Fig. 168.—Vue du Mont-Saint-Michel, d’après N. de Fer. Dix-huitième siècle.

Elle est disposée de façon à laisser fort peu d’espace entre le rocher et la porte de la barbacane. Celle-ci est flanquée d’un redan en quart de cercle, commandant l’entrée et aboutissant au rocher, inaccessible sur ce point.
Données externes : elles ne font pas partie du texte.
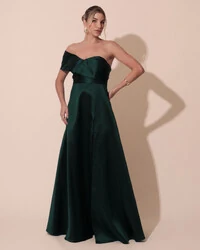 Vestido de Festa longo Faixa Ombro e Fenda Zibeline Verde Escuro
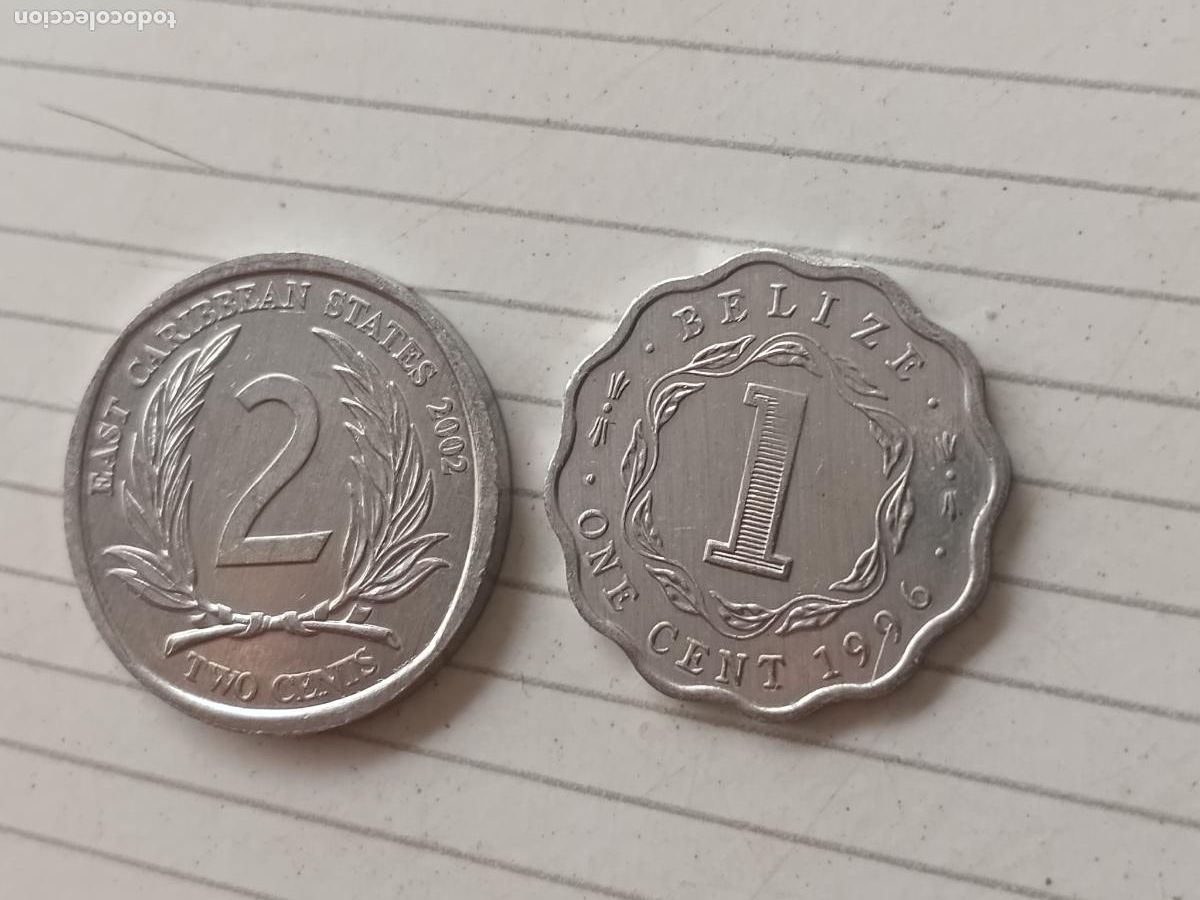 Monedas antiguas de Am&eacute;rica: Belize y Caribe brit&aacute;nico. 2 monedas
Les murs sont percés d’embrasures pour des fauconneaux ou des couleuvrines; le sommet des murs est percé d’archères et de meurtrières pourvues d’une mire circulaire au milieu, pour les traits à poudre,—première idée de l’arquebuse,—ou bien pour les canons à main, fusil portatif qu’on voit apparaître au commencement du quinzième siècle, notamment au siège d’Arras en 1414, et qui fut employé pendant toute la durée des guerres avec les Anglais.

Fig. 169.—Boulevard (ou Bastillon) de l’est.—Flanc nord.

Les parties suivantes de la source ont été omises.